[[ Data open ]]

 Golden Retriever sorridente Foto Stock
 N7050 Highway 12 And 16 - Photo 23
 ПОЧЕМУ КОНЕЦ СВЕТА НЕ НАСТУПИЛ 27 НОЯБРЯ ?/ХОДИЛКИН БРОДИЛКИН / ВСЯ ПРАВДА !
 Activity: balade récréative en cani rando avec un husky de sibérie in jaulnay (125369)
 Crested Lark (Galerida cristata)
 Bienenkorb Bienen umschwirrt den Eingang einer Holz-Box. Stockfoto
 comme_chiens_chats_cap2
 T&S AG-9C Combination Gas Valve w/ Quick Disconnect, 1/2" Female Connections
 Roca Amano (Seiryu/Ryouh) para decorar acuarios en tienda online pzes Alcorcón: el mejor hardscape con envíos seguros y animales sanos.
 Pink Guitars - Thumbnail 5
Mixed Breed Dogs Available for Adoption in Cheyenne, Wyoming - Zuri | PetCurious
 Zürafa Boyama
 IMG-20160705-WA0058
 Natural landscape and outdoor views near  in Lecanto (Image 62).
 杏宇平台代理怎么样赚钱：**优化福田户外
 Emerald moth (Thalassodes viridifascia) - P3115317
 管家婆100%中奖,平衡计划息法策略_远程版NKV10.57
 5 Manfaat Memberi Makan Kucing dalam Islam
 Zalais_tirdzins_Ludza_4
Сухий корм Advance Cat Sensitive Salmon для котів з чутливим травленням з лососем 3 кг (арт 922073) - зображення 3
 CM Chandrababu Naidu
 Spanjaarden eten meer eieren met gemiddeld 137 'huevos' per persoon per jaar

[[ Data closed ]]

● **Task details**
No line before the one with "CM Chandrababu Naidu" belongs in the answer; copy that line and the rest of the records exactly.

● **Result of this task**
 CM Chandrababu Naidu
 Spanjaarden eten meer eieren met gemiddeld 137 'huevos' per persoon per jaar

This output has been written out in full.